Segment Start: DATA EXTRACT
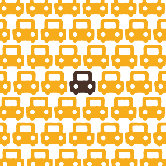 Things That Go - Auto Pattern Stretched Wall Art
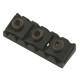 FLOYD ROSE® 1000 SERIES BLOQUE CORDES GAUCHER L2 41.3mm NOIR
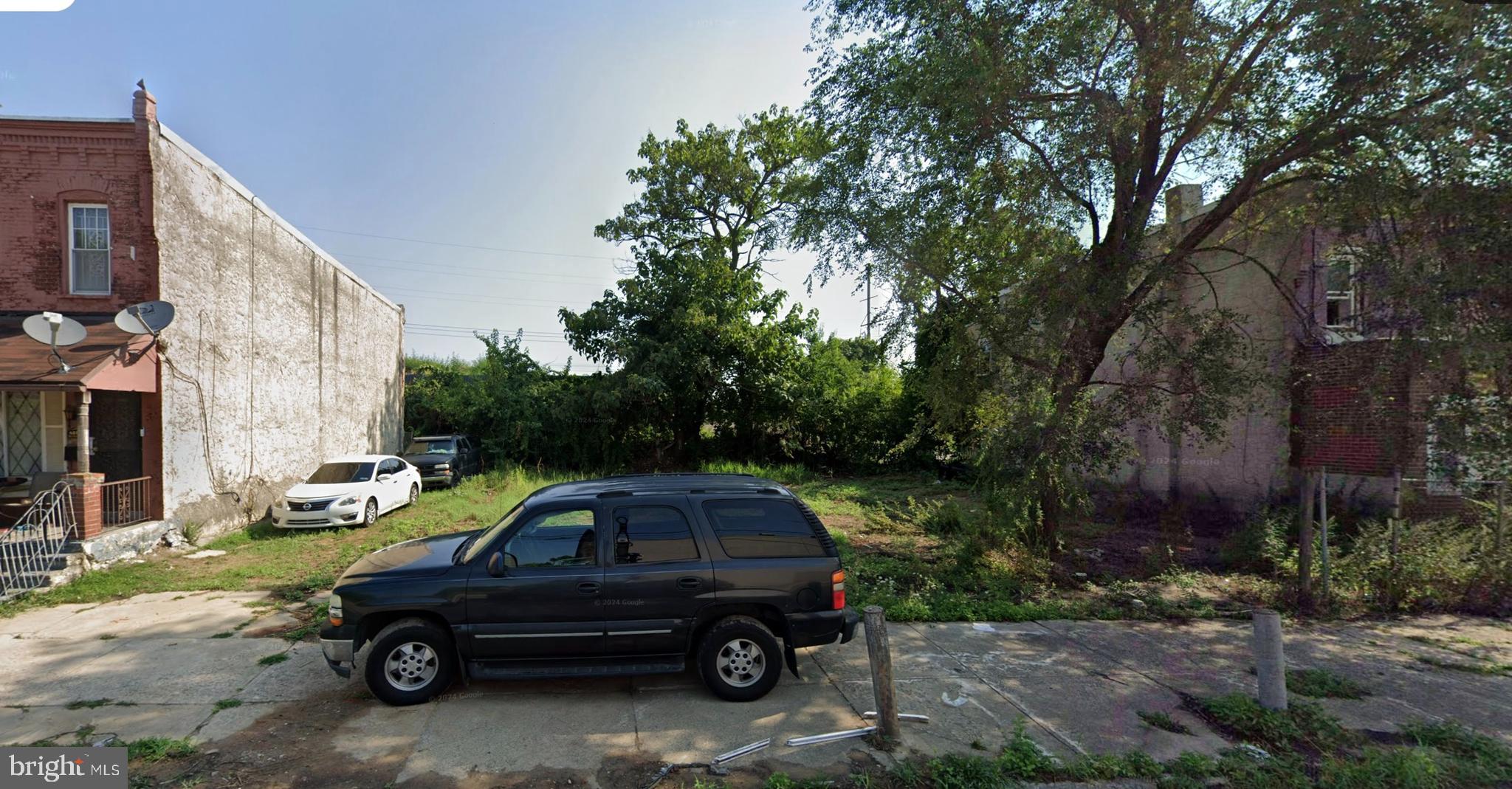 Large vacant lot available for sale. Other lots from same seller can be packaged. Drive by and make an offer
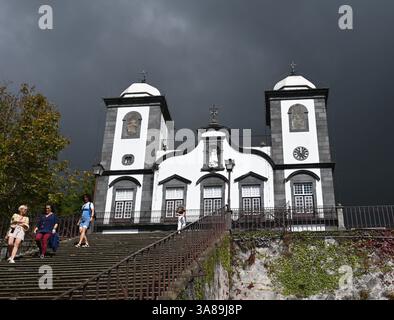 Igreja de Nossa Senhora do Monte, Funchal, Madeira Foto Stock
Segment End: DATA EXTRACT
TASK TO COMPLETE:
A word-for-word copy of the lines from the one with "Large vacant lot" through the final line of the listing above is the whole answer, and it contains no pictures.

WRITTEN REPLY:
 Large vacant lot available for sale. Other lots from same seller can be packaged. Drive by and make an offer
 Igreja de Nossa Senhora do Monte, Funchal, Madeira Foto Stock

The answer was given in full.